A 304-unit residential development that was opposed by government agencies and helped prompt a push for the reform of Clark County's master-planning land-use process was thrown out Wednesday by the Clark County Commission.
In a reconsideration requested by Commissioner Yvonne Atkinson Gates, the commission voted 5-2 to strip the zone change granted in December for the Woodside Homes project on 30 acres off Sunset Road and the Tenaya Way alignment. The approval was widely lampooned because it put the residential development directly under the flight path of jets leaving McCarran International Airport.
The Clark County School District, airport staff, county planning staff and Spring Valley Town Advisory Board had all recommended denial of the project. The Clark County Planning Commission, an advisory board, had recommended approval.

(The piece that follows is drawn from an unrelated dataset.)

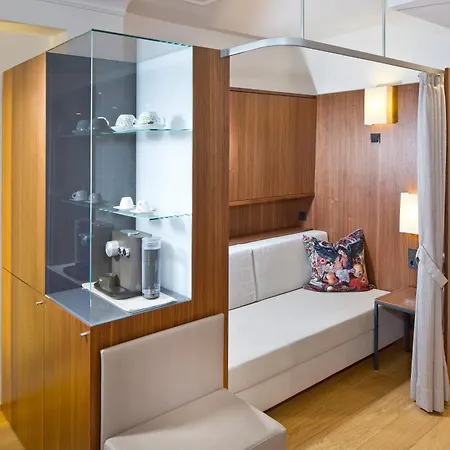 Hotell Maximilian - Stadthaus Penz 4*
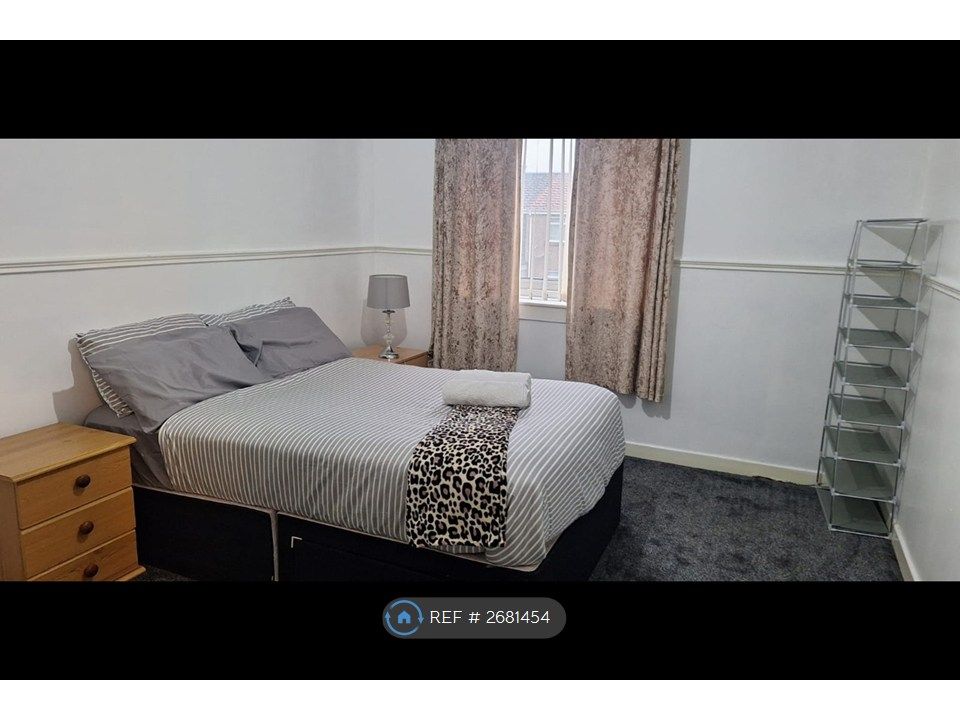 Property photo 2 of 35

Attorney Chris Kaempfer, representing the developer, argued that the project was near other residential projects that have received approval from the County Commission. He said the project would have satisfied "a dire need for housing, and especially entry-level housing" in the Las Vegas market.
But Carolyn Edwards, a community activist and a volunteer member of the School District's zoning commission, said the project would set a bad precedent and give the district a big problem down the road.
The property for the project, master-planned for commercial or industrial uses, is within the county's cooperative management area, or CMA, where residential uses are discouraged by federal and local law.
The School District, Edwards said, is prohibited from building a new school in the area. Furthermore, the School District had given up land that it could once have used to build schools on. District officials have said it would cost millions to go back to build schools in an area that by agreement was supposed to have few residents.
"If we build high-density housing in the CMA, all of those children will be bused," she said.
Commissioner Bruce Woodbury, who represents the area and has fought for greater adherence to existing master plans, introduced the motion to deny the developer's zoning request.
He did not have universal support from his colleagues. Commission Chairwoman Mary Kincaid-Chauncey and Commissioner Myrna Williams echoed Kaempfer's argument that other residential development exists nearby.
But Aviation Department Director Randy Walker said the airport has consistently opposed residential proposals in the area since the master plan, approved in 1998, has been in place.
"People do not understand until they live under these flight patterns what it is like," Walker said.
The development also would have doomed the airport's plans to develop nearby land for industrial purposes, he said. The airport received thousands of acres throughout the cooperative management area as part of the agreement with the federal government, part of an effort to control noise-related complaints.
Federal rules bar the airport from ever developing the land it owns residentially, Walker noted.
With the overturning of the zoning approved in December, the County Commission, including new members Rory Reid and Mark James, has set a precedent for stronger adherence to existing master plans. Later this month and next month the commission considers ordinances that would make master plans impossible to change for two years after adoption and more difficult to modify after that time.